9月11日のテロのイスラム殉教者は誤った動機で死ぬ人がいることを証明しました。それにもかかわらず、周知の嘘のために自分から進んで殉教するのは狂気の沙汰としか思えません。ポール・リトルが書いたように、「本当はそれが間違ってるかもしれないとしても、人は自分が真実だと信じたことのためなら死ねるだろう。しかしながら、嘘だとわかってることのためには死なないものだ。」[26]イエスの弟子たちは、彼らの指導者が生きていたという純粋な信念とともに、一貫性のある方法で行動しました。
弟子達が何故、周知の嘘のために喜んで死ぬのか、的確に説明できた人はいません。しかし、彼らがみんなでイエスの復活について嘘をつくことを企てたのだとしても、金や地位のために裏切るものが一人もいないまま、何十年もの間どうやって陰謀を保ち続けることができたのでしょうか?モアランド氏は、「個人の利益のために嘘をつく人は、ずっと一緒に行動することはないし、困難が利益を減少させる場合はなおさらだ」と記しています。[27]

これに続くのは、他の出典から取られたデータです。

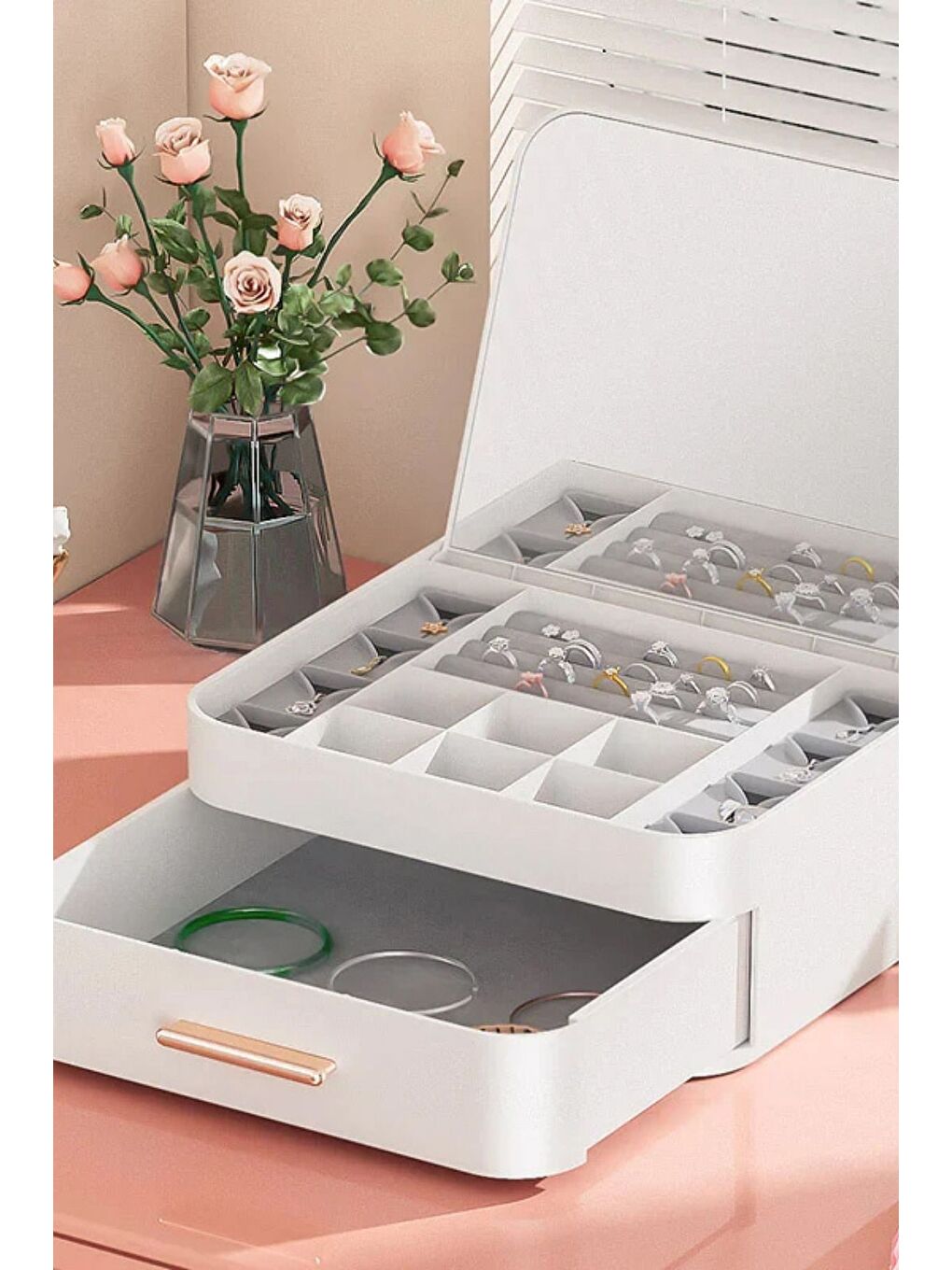 House By House Çekmeceli Aynalı Çok Bölmeli Makyaj Takı Organizer Krem UR-3438-4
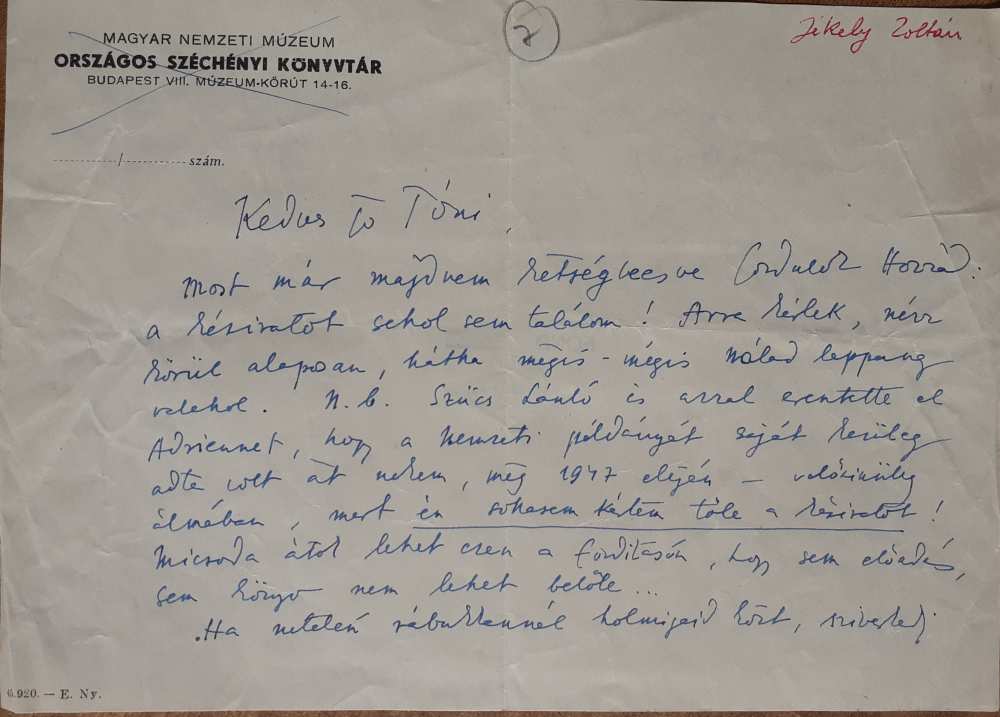 Jékely Zoltán Németh Antalhoz. Budapest, 1948. december 18. Recto – Kézirattár, Fond 63/1531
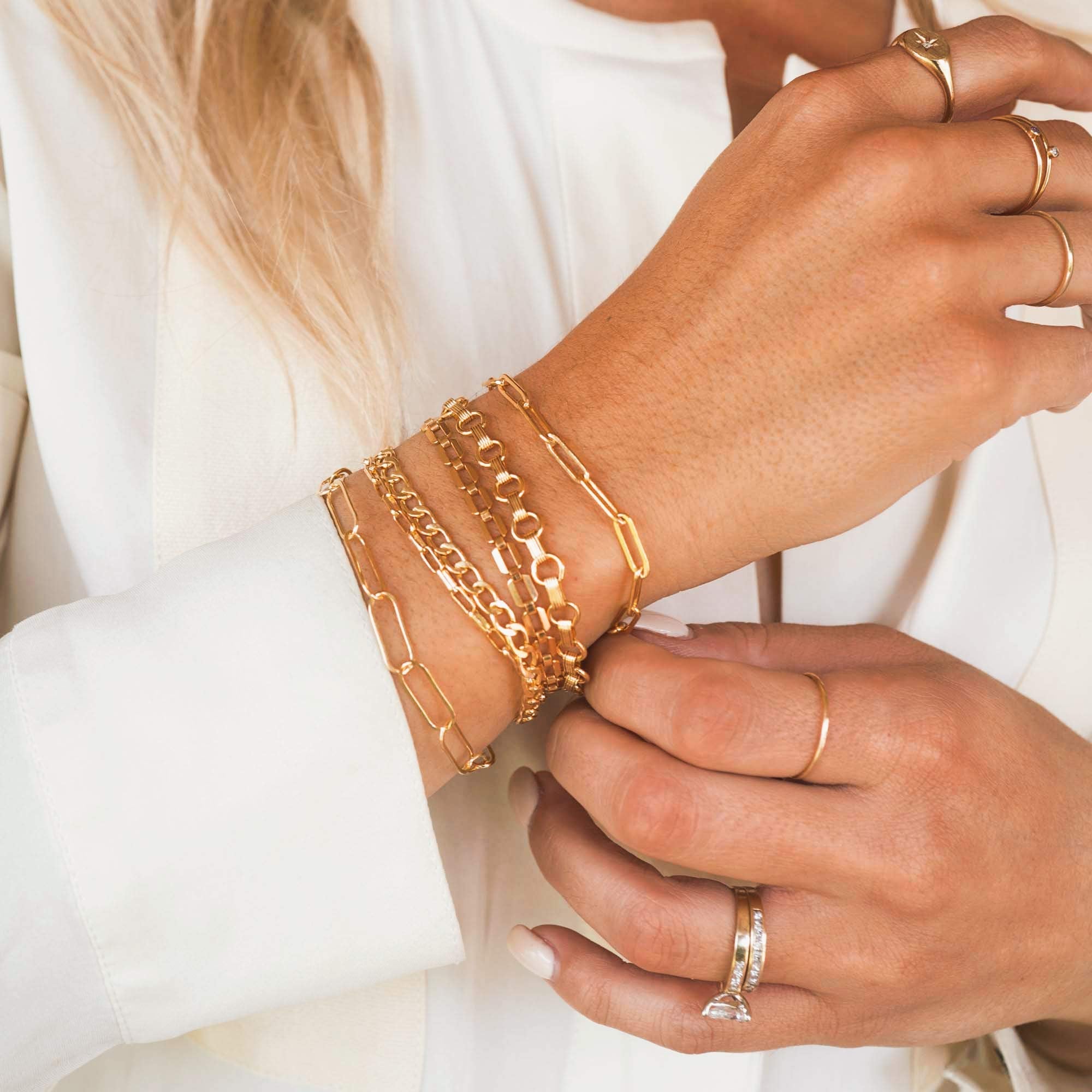 MEVECCO Bracelet for Women Gold Paperclip Chain Oval Link 14K Gold Plated Dainty Simple Jewelry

ニクソン大統領の政権の期間にウォーターゲートのスキャンダルに関与していたチャック・コルソンは、数人の人が一つの嘘を長期間にわたって維持することの難しさを指摘しています。
「私は復活が事実だったとわかっているし、ウォーターゲート事件がそれを証明してくれた。どのように証明したか?なぜなら、12人がイエスがよみがえったのをこの目でみたと証言し、40年間もの間一度もそれを否定することなく、その真実を明らかにしていた。それぞれが痛めつけられ、拷問にかけられ、石打ちで殺され、牢に入れられた。もしイエスの復活が真実でなかったなら、それに耐えることはなかっただろう。ウォーターゲート事件は世界において最も権力のある12人を巻き込み、そして彼らは一つの嘘を3週間つき通すことができなかった。なのに、12人の使徒が40年間も嘘をつき通すことができたっていうのかい?絶対に不可能だ」[28]

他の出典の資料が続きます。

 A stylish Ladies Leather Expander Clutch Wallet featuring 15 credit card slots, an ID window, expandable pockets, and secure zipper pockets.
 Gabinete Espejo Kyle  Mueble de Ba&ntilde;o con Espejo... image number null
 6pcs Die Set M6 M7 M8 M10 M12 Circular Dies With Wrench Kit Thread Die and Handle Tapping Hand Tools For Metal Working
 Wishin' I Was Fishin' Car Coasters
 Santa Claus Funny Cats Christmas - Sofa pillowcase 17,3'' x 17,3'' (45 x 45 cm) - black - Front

これらの男女にとって何もかも変えた出来事があったのです。モリソン博士は次のことを認めています。「この問題にたどりついた者はみな、遅かれ早かれ、言い逃れできない事実に直面しなければならない。この事実とは、深い信念、つまり【イエスが墓からよみがえったという事実を証言する変化】が小さな集団の人々に生じたことです。